Fast Flowing Heat in Graphene Heterostructures
November 30, 2017 | ICFOEstimated reading time: 1 minute

Nanoscale heat flow plays a crucial role in many modern electronic and optoelectronic applications, such as thermal management, photodetection, thermoelectrics and data communication. Two-dimensional layered materials are beginning to confirm their groundbreaking role in many of these applications. Perhaps even more promising are so-called van der Waals heterostructures, consisting of different layered two-dimensional materials stacked one on top of the other. These stacks can consist of materials with dramatically different physical properties, while the interfaces between them are ultraclean and atomically sharp.
Scientists from the European Graphene Flagship, led by ICFO researchers, have recently succeeded in observing and following, in real-time, the way in which heat transport occurs in van der Waals stacks, which consist of graphene encapsulated by the dielectric two-dimensional material hexagonal BN (hBN).
In a study, recently published in Nature Nanotechnology entitled “Out-of-plane heat transfer in van der Waals stacks through electron–hyperbolic phonon coupling” , ICFO researchers Klaas-Jan Tielrooij, Niels C. H. Hesp, Mark B. Lundeberg, Mathieu Massicotte, Peter Schmidt, and Diana Davydovskaya, led by ICREA Prof at ICFO Frank Koppens, in collaboration with researchers from The Netherlands, Italy, Germany, and United Kingdom, have identified a highly surprisingly effect: rather than staying within the graphene sheet, the heat actually flows to the surrounding hBN sheets. This out-of-plane heat transfer process occurs on an ultrafast timescale of picoseconds (one millionth of a millionth of a second), and is therefore dominant over competing (in-plane) heat transfer processes.
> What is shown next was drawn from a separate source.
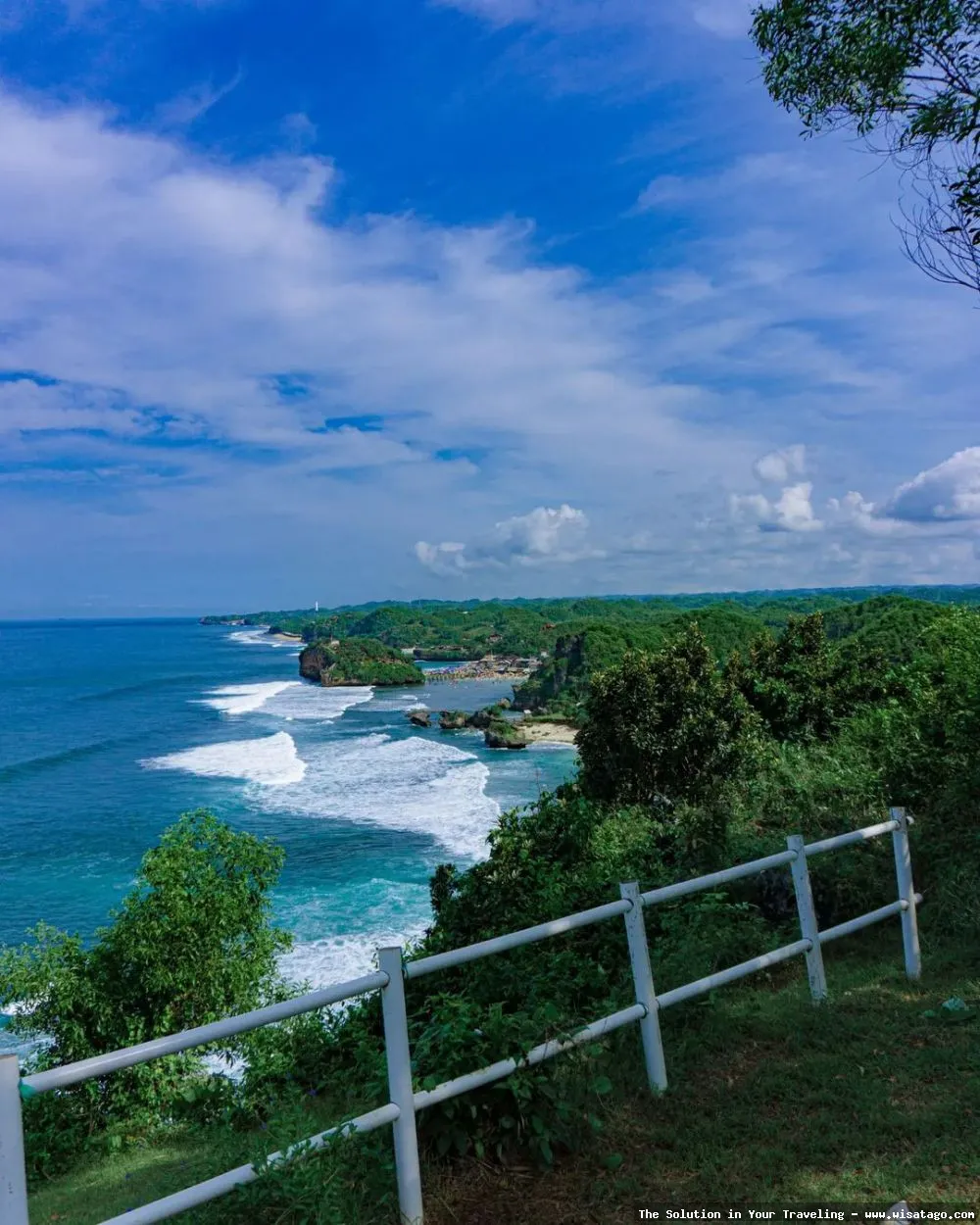 Pantai Ngrumput, keindahan alam Gunungkidul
The heat transfer process occurs through hot graphene electrons (experimentally generated by incident light) that couple to hyperbolic phonon-polaritons in the hBN sheets. These phonon-polaritons propagate within the hBN as light does in an optical fiber, but in this case for infrared wavelengths and at the nanometer scale. It turns out that these exotic hyperbolic modes are very efficient at carrying heat away.
The results of this work will definitely have far-reaching implications for many applications based on hBN-encapsulated graphene, sometimes referred to as the next generation graphene platform, owing to its superior electrical properties. In particular, it will provide direction to optoelectronic device design, where these heat flow processes can be thoroughly exploited.